▶ [Problem description]: Only the lines that hold the word "Thank" are wanted from this listing.
Records supplied Block Start
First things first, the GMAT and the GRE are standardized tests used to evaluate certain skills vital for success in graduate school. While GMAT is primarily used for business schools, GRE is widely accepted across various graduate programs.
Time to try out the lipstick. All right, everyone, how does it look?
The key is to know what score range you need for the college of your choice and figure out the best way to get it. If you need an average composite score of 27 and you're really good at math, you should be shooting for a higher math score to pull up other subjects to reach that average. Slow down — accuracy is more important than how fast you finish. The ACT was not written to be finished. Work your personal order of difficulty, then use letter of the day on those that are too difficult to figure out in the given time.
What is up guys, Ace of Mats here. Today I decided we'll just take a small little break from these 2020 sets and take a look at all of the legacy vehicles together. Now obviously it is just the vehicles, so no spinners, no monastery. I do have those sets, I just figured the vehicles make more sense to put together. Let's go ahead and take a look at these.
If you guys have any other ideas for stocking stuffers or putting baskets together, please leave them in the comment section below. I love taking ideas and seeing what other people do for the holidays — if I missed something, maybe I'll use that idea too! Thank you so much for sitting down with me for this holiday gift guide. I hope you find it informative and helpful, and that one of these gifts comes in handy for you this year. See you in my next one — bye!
Records supplied Block End
Records supplied Block Start
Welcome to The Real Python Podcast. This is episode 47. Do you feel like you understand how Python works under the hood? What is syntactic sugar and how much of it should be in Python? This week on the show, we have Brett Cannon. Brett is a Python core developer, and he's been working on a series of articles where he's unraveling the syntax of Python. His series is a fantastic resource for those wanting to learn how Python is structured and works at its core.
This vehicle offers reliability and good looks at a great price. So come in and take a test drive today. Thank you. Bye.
Records supplied Block End
▶ [Solution for this exercise]:
If you guys have any other ideas for stocking stuffers or putting baskets together, please leave them in the comment section below. I love taking ideas and seeing what other people do for the holidays — if I missed something, maybe I'll use that idea too! Thank you so much for sitting down with me for this holiday gift guide. I hope you find it informative and helpful, and that one of these gifts comes in handy for you this year. See you in my next one — bye!
This vehicle offers reliability and good looks at a great price. So come in and take a test drive today. Thank you. Bye.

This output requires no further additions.